Pode ser um exercício de compaixão extremamente difícil para quem está habituado a olhar para estes rostos do crime com medo. Num musical que conquistou a última edição do Festival de Cannes, durante o filme de Jacques Audiard venceu o Prémio do Júri para todo o elenco, já está a ser um dos títulos mais populares nesta época pré-Óscares. E acima de tudo surge um nome, que deu corpo a Manitas e ao seu novo eu feminino: Karla Sofia Gascón, a madrilena que pode muito bem estar prestes a fazer história como a primeira atriz trans a ser nomeada e a vencer na gala norte-americana.
Não passou despercebida no Festival de San Sebastián, onde o Observador pôde falar com a protagonista. O musical estreia-se esta quinta-feira em Portugal. “Neste filme, a música serve para aliviar toda a carga emocional envolvida, mas no caso do Manitas, não. Aprofunda o medo. É a música que inicia o terror”, diz-nos.
[trailer oficial do filme “Emilia Pérez”:]

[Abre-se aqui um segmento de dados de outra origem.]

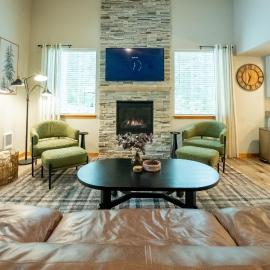 Ashford Chalet Luxury Cabin 10 min from Mt Rainier Hot Tub Sauna Fire Pit Playground, hotel Ashfordban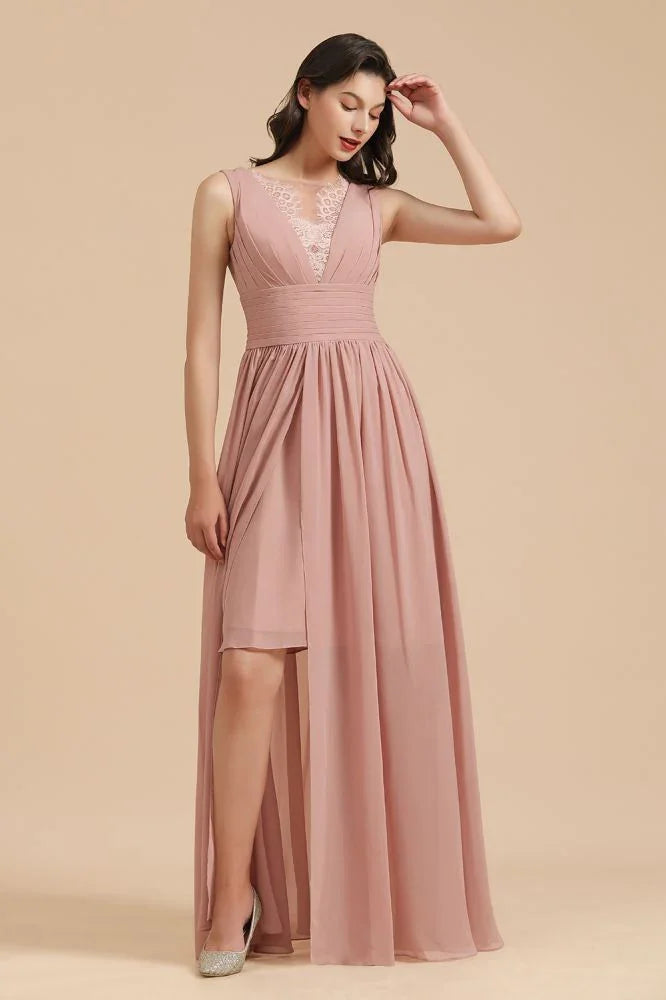 Elegante abito da damigella d'onore senza maniche in pizzo floreale rosa polveroso con spacco laterale per festa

No espaço dedicado à imprensa do hotel Maria Cristina em San Sebastián, Karla Sofia Gascón não passou despercebida. Fala um inglês ainda atabalhoado que vira logo para espanhol — o filme tem atores latino-americanos, mas será o candidato francês aos Óscares. Transpira a energias simpática e disponível de quem ainda não se sente completamente como uma estrela. Desculpam-se erros linguísticos, o sorriso de orelha a orelha convence os mais desconfiados por esta nova forasteira prestes a causar sensação em Hollywood. O que é certo é que causou impacto na Riviera francesa e no País Basco seguiu a mesma linha: foram tantos os pedidos de entrevista que as mesas redondas tiveram de ser preenchidas de jornalistas até mais não.
O barão da droga e dono de um cartel vai passar a ser a empresária Emilia Pérez. A partir do início e quase até ao fim, sem fazer grandes spoilers, podemos assegurar que a parte musical — porque é, acima de tudo, um musical — tem neste universo de tráfico de droga um papel muito importante. É esse lado que nos desafia a sentir um qualquer tipo de compaixão perante o criminoso e a querer ver mais de Karla Sofia Gascón a partir de agora. “A música complementa as sequência sem tirar ninguém da cena, que é o que acontece noutros filmes do género. Está tudo perfeitamente integrado”, confessa a atriz o Observador.